Four to eight days after the patients’ heart attacks, doctors obtained bone marrow cells from members of the treatment group.  Stem cells were isolated from the marrow, cultured overnight, and transplanted the following day.

A catheter was pushed into the blocked heart artery that caused the heart attack and balloon angioplasty was performed for two to four minutes.  Small amounts (3 - 4 mL) of a solution containing the stem cells were infused into the damaged heart tissue at the re-opened site four or five times.

After three months, the stem cell patients’ average area of damage decreased from 33 percent of the left ventricle’s circumference to 14 percent.

The contraction speed of the heart went from 1.5 centimeters per second (cm/s) in the treated group to 3.3 cm/s.  The fraction of blood ejected by the heart rose from 55 percent to 65 percent.

Ten patients had a test that measures the average glucose uptake, which indicates the metabolism rate of cells.  Their glucose uptake increased from 47 percent to 58 percent.  The amount of blood perfusing the damaged area rose from 49 percent to 58 percent. 

The team said these improvements indicate that the transplanted stem cells are associated with new heart muscle and new blood vessels.
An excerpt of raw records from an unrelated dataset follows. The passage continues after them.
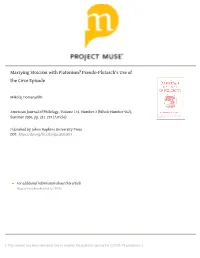 Marrying Stoicism with Platonism? Pseudo-Plutarch's Use of the Circe Episode
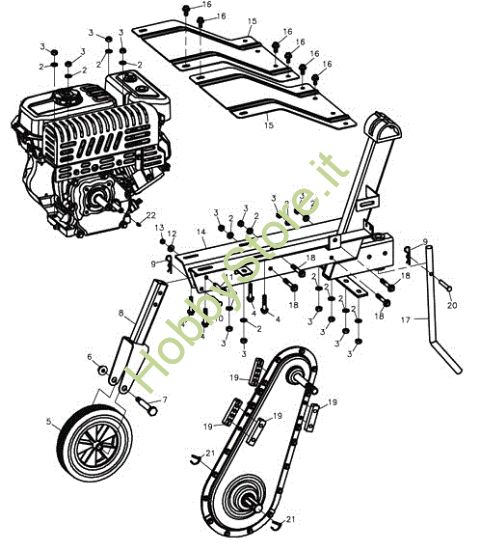 Picture of Telaio MZ 2075 RK (K800 H - SN TA32) Motozappa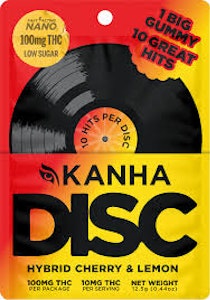 KANHA - KANHA | Nano Disc Gummy (1ct) | Hybrid Cherry & Lemon | 100mg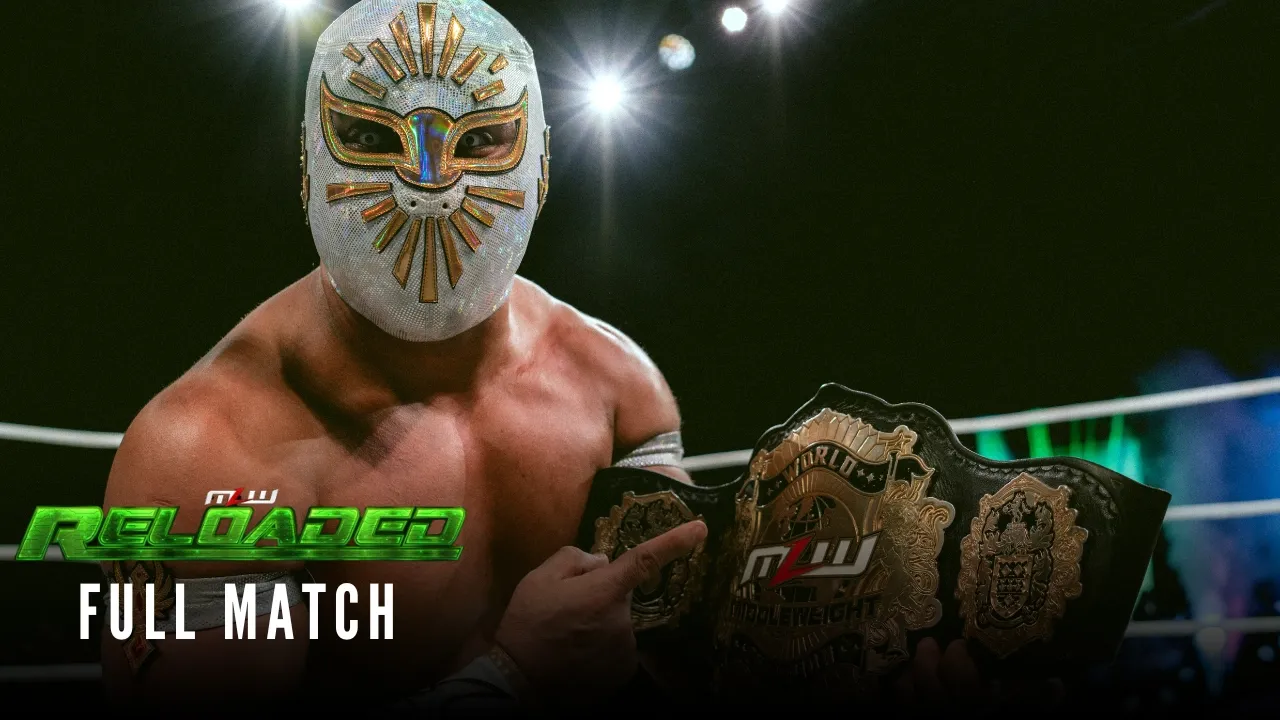 MÍSTICO vs BÁRBARO CAVERNARIO | MLW World Middleweight Title | FULL MATCH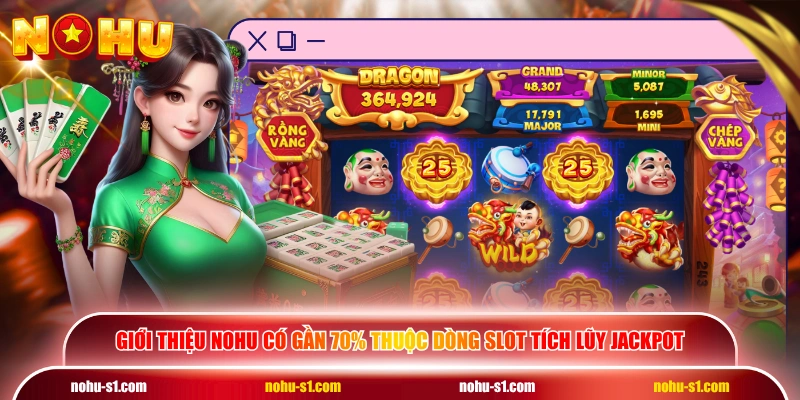 Giới thiệu NOHU có gần 70% thuộc dòng slot tích lũy jackpot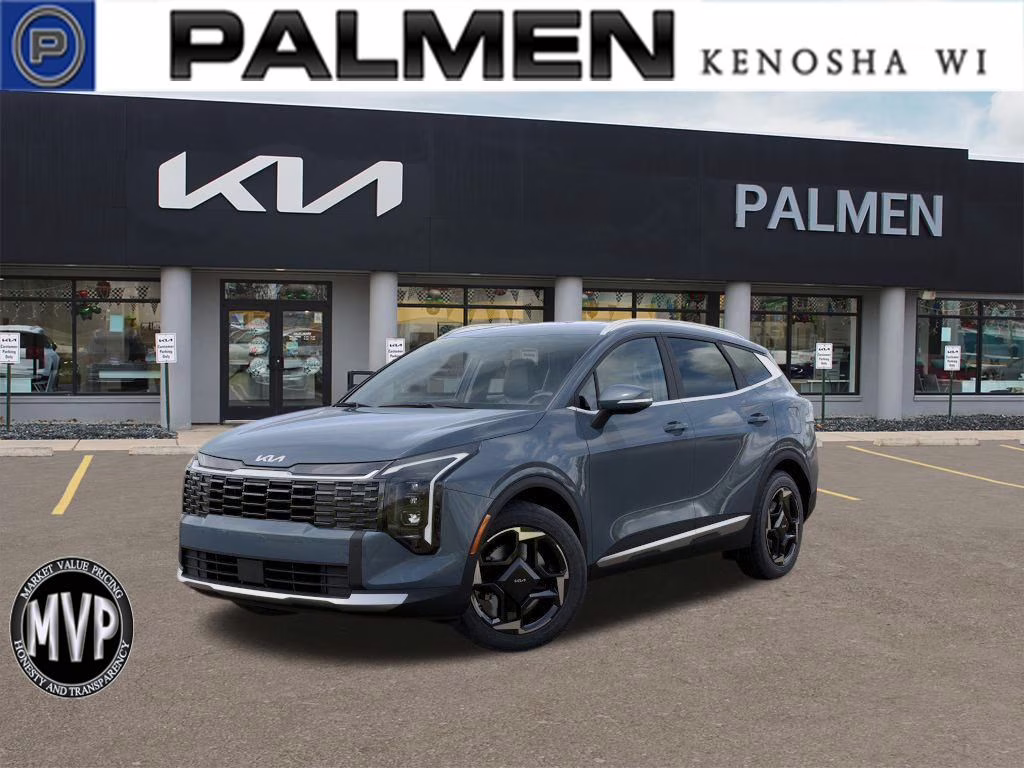 2026 Heritage Blue Kia Sportage Hybrid EX AWD SUV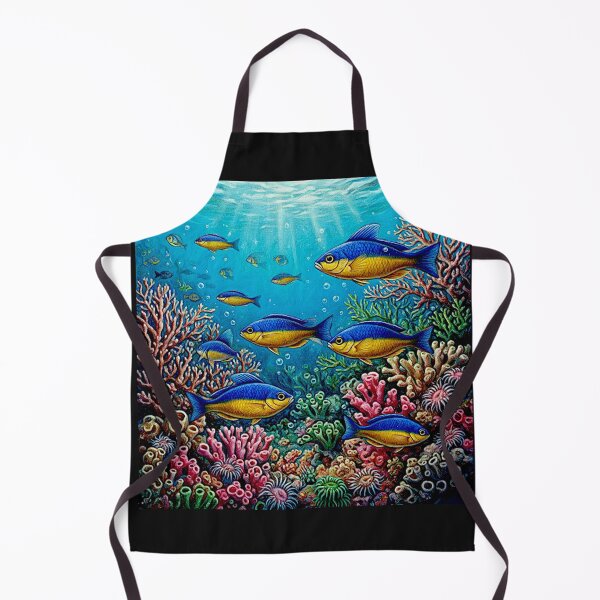 Item preview, Kupang damselfish (Chrysiptera hemicyanea) designed and sold by Helios Be. Lavsh.
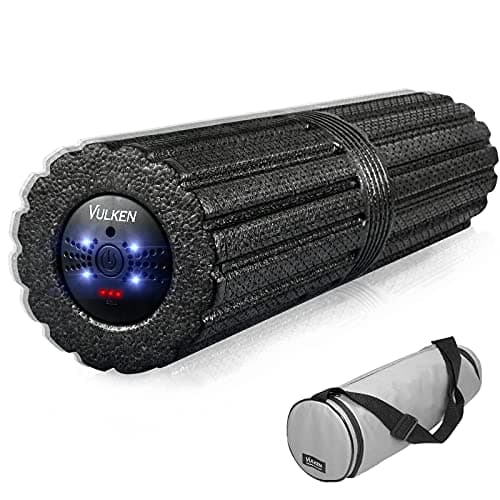 Image of Vulken Extra Long 17” Vibrating Foam Roller 4 Speeds 3800RPM High Intensity Quick Charge Electric Foam Roller Tissue Massager for Muscle Recovery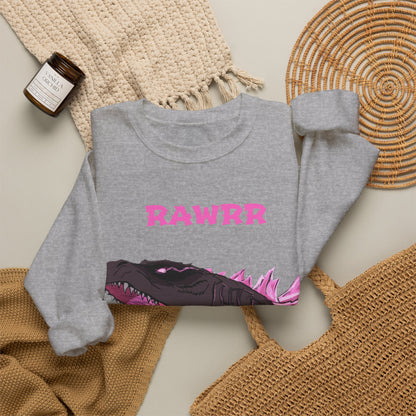 Dinosaur "RAWRR" Crewneck Sweatshirt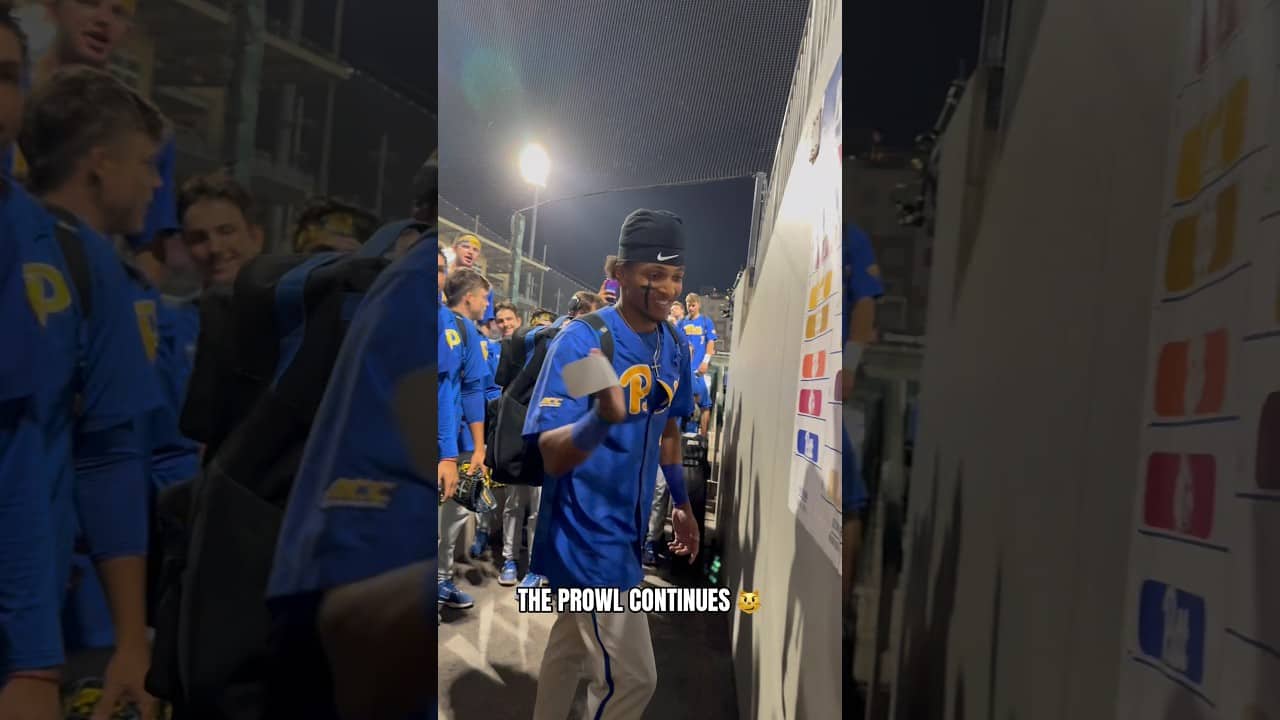 Pitt is MOVIN’ ON 😄#pittsburghpanthers #pitt #baseball #collegebaseball #ncaabaseball #sports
Several research teams have investigated the use of stem cells harvested from bone marrow to reverse the muscle damage caused by a heart attack.  Stem cells are immature cells that still can transform, or differentiate, into different types of cells, such as heart muscle and blood vessels.

“Bone-marrow-derived stems cells offer one approach to reverse remodeling of the heart,” Strauer said.

Co-authors are Michael Brehm, M.D.; Tobias Zeus, M.D.; Matthias Köstering, M.D.; Christine Antke, M.D.; Gesine Kögler, Ph.D.; Hans-Werner Müller, M.D.; and Peter Wernet, M.D.